Businesses worry that they will be penalized for their former employees collecting unemployment benefits, which is enouraged for those who have been laid off.
"The Unemployment Trust Fund is funded by payroll taxes which are paid for by employers. That tax rate is set by a fairly complicated formula that includes the overall health of the fund, how big it is, the industry that the employer is in, and how many people that each employer lays off," said Bill McCamley, Secretary of the Department of Workforce Solutions.
McCamley said 78% of employers pay the lowest possible rate, right now.
But what happens when the fund starts to deplete and the claims keep coming in?
"We need some relief for employers with this whole thing, meaning we've got to recognize this is a unique situation that shouldn't come back to the employer because they have no control over this," said Carla Sonntag, President of the New Mexico Business Coalition. "This is not an employment practice issue.

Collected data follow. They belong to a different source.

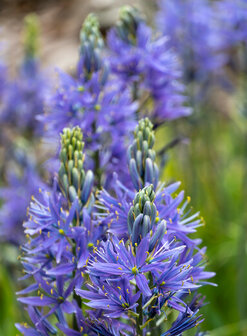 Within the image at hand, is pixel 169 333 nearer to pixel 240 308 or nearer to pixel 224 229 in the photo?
pixel 240 308

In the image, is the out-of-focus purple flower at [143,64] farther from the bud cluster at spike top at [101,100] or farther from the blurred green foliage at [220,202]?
the blurred green foliage at [220,202]

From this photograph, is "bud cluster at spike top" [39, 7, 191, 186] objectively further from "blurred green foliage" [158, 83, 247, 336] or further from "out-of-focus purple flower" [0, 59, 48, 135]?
"out-of-focus purple flower" [0, 59, 48, 135]

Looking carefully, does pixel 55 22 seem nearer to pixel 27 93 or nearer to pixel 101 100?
pixel 27 93

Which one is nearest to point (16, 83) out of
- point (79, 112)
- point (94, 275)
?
point (79, 112)

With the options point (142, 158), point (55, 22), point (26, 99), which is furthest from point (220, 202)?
point (55, 22)

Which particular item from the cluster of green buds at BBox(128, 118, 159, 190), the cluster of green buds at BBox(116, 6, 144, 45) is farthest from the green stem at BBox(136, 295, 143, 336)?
the cluster of green buds at BBox(116, 6, 144, 45)

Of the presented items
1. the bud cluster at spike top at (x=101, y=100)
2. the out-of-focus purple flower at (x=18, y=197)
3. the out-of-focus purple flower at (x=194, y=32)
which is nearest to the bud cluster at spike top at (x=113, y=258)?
the bud cluster at spike top at (x=101, y=100) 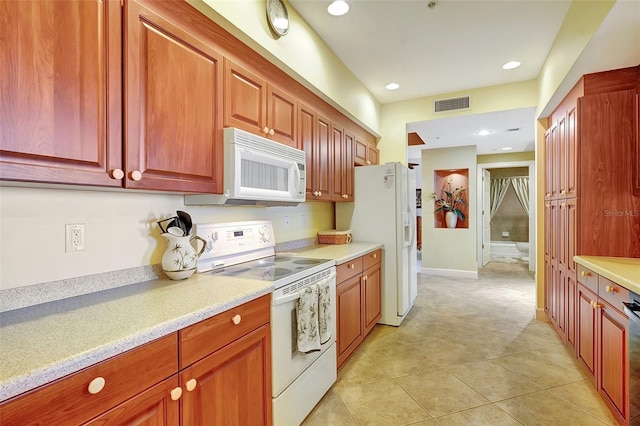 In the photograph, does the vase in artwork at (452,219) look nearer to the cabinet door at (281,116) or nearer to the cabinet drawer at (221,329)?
the cabinet door at (281,116)

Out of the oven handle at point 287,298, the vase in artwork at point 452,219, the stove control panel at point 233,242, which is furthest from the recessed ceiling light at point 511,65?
the oven handle at point 287,298

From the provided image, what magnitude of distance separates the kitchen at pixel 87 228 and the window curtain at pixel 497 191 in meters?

It's nothing to do with how employers take care of employees. They have no control over this turnover that maybe occurring right now because of the virus."

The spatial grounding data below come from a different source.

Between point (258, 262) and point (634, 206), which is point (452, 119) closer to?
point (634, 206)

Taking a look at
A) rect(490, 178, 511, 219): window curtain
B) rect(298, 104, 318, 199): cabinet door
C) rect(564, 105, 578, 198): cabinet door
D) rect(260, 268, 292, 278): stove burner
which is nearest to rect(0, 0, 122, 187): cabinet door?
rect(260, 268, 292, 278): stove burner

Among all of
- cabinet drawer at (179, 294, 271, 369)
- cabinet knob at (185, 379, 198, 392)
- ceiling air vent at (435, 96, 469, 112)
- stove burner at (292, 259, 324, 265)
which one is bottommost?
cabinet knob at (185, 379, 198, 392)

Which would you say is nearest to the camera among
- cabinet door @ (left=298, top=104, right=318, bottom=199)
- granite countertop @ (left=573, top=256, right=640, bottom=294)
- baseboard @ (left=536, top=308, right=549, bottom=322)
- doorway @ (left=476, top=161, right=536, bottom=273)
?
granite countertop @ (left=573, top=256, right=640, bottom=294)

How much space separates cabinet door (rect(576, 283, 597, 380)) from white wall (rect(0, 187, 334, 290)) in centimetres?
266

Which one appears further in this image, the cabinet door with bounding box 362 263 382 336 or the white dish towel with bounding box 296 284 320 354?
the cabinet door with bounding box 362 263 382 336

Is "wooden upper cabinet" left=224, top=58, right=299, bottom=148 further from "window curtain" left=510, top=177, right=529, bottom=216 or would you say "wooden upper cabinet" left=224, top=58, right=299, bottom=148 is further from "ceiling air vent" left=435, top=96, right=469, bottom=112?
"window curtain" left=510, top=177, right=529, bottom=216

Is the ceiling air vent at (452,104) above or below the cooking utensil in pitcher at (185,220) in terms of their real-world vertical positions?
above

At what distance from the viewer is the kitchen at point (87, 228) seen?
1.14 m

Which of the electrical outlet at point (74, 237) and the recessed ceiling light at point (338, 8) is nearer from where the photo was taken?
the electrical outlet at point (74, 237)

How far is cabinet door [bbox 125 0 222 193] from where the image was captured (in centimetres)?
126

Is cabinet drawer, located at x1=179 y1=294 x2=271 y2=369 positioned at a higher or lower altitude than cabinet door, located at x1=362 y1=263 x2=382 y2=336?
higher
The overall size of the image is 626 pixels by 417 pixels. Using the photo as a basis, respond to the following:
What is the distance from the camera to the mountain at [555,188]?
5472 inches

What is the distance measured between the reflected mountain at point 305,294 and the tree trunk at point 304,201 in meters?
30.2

Sonntag wants the governor to make sure businesses don't face any sort of tax increase based on unemployment claims.
Secretary McCamley said it's not that easy.
"We want to make sure that as we examine what's going on. We do it in a way that is responsible so that workers can be able to get unemployment. That's what we're really focused on over the next three to four weeks," he said.

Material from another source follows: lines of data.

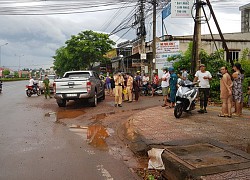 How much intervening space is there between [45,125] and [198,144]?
213 inches

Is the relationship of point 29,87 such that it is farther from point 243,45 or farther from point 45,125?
point 243,45

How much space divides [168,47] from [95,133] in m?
12.8

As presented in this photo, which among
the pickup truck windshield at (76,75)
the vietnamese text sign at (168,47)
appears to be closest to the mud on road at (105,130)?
the pickup truck windshield at (76,75)

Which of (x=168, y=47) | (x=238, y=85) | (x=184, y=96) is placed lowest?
(x=184, y=96)

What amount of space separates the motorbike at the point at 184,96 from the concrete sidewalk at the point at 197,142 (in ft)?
0.90

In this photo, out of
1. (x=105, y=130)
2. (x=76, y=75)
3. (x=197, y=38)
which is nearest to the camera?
(x=105, y=130)

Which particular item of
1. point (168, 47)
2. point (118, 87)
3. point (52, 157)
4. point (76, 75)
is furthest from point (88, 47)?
point (52, 157)

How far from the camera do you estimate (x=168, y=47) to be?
19.2m

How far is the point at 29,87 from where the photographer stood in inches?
833

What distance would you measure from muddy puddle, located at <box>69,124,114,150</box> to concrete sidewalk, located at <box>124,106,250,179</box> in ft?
2.02

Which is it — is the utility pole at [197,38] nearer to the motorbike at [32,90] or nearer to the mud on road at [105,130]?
the mud on road at [105,130]

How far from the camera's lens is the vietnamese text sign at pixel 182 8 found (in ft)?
41.9

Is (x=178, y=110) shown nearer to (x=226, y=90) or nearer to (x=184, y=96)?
(x=184, y=96)

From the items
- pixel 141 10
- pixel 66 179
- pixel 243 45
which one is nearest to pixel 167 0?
pixel 141 10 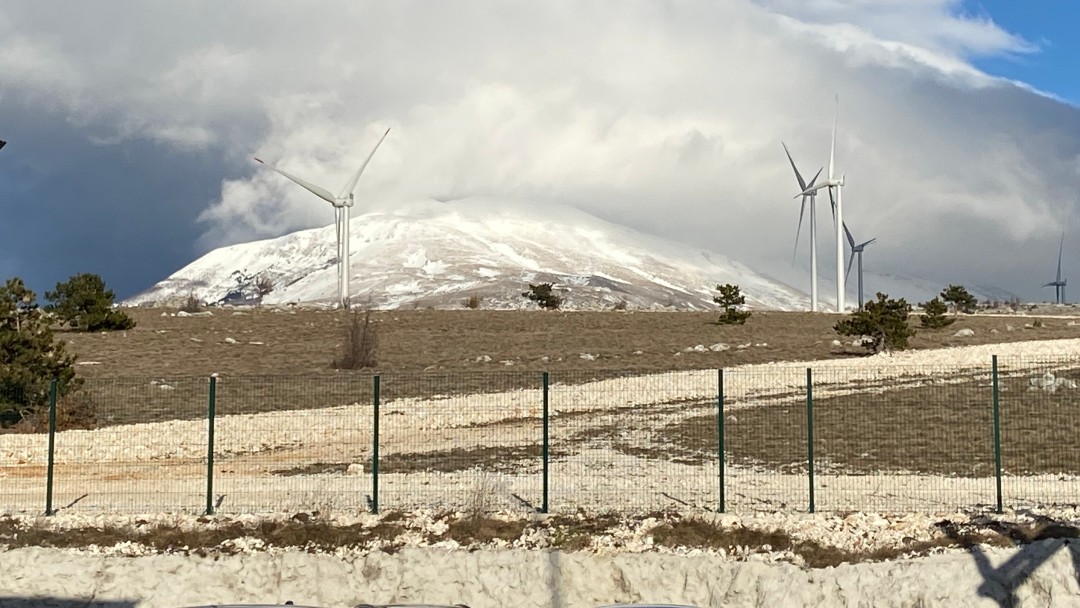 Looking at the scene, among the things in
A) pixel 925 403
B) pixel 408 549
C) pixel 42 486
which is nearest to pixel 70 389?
pixel 42 486

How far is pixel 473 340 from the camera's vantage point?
6844 centimetres

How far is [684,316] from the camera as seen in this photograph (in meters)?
89.4

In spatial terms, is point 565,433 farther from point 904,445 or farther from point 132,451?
point 132,451

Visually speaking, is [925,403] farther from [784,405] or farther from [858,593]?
[858,593]

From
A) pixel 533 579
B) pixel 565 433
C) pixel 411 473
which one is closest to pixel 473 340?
pixel 565 433

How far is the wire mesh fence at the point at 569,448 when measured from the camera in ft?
67.2

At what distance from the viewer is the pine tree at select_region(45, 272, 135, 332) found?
234ft

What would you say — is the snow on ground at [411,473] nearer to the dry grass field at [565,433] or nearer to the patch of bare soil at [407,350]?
the dry grass field at [565,433]

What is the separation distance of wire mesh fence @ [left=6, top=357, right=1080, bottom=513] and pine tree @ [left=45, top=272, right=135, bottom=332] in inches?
1200

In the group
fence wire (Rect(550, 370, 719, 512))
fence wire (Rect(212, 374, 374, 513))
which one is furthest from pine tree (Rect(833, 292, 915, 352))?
fence wire (Rect(212, 374, 374, 513))

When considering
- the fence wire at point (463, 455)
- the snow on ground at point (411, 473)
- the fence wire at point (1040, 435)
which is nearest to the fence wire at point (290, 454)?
the snow on ground at point (411, 473)

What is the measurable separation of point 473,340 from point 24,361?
109ft

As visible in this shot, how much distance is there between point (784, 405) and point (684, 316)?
54.1 meters

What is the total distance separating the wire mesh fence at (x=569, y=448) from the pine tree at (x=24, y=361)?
17 centimetres
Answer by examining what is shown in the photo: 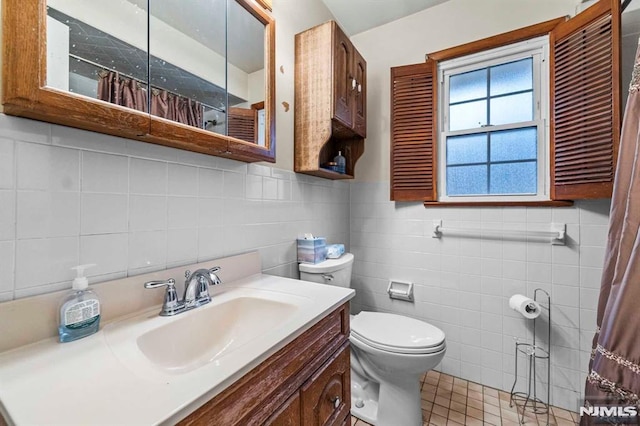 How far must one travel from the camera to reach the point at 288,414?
73cm

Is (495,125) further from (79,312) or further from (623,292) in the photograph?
(79,312)

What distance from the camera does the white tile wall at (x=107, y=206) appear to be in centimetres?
66

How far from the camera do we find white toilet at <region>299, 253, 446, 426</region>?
4.35 feet

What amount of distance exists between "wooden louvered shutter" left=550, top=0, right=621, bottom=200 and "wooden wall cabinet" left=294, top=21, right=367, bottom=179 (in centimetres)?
117

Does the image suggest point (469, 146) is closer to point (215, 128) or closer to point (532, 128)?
point (532, 128)

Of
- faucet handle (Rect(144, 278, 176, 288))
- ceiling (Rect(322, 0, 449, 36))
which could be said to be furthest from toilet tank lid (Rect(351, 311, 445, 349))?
ceiling (Rect(322, 0, 449, 36))

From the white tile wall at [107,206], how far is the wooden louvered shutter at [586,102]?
165 cm

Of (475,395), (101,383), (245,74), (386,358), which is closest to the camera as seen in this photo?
(101,383)

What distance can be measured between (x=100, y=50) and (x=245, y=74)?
0.55 metres

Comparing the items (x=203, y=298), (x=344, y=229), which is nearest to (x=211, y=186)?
(x=203, y=298)

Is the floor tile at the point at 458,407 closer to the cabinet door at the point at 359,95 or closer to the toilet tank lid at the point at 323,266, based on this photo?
the toilet tank lid at the point at 323,266

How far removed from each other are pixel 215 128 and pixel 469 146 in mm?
1666

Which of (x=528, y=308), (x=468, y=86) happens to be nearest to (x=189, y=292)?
(x=528, y=308)

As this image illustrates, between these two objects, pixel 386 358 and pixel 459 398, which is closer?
pixel 386 358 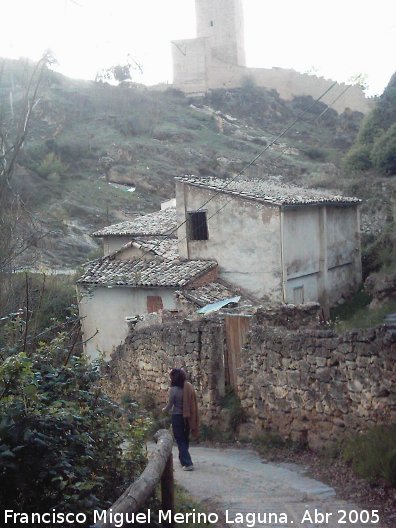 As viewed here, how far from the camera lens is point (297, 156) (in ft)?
175

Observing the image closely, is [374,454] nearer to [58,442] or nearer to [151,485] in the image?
[151,485]

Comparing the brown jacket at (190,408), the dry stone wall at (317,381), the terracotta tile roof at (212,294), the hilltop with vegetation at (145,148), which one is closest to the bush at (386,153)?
the hilltop with vegetation at (145,148)

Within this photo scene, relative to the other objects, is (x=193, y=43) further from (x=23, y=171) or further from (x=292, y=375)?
(x=292, y=375)

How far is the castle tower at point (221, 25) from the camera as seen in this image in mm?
62781

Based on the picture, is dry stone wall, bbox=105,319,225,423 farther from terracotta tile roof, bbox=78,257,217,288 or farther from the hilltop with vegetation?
the hilltop with vegetation

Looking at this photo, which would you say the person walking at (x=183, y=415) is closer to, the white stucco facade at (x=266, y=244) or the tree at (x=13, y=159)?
the tree at (x=13, y=159)

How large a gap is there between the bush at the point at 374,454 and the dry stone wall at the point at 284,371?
0.77 feet

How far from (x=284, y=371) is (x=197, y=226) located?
1377cm

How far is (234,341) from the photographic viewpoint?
11078mm

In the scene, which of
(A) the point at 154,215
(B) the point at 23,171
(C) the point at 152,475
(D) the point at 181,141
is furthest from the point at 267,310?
(D) the point at 181,141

But what happens if those employees don't have a job to return to?
"We've had a big downturn in oil and gas so that revenue is off and now we have really crippled our travel industry, our restaurants and that revenue is really going to hurt us because we're losing money all the way around," said Sonntag. "So we need to be thinking about New Mexico's future, and yes, we want everyone healthy to enjoy the future, but we need to have common sense about how we move forward here."
McCamley said at the end of June, his office will make a calculation of the tax rate for every employer, based on the formula.
If they get into July and find out that the effects of the taxes will be really heavy on businesses, he said they'll have six months to see if there are ways to remedy that situation before they go into place in January.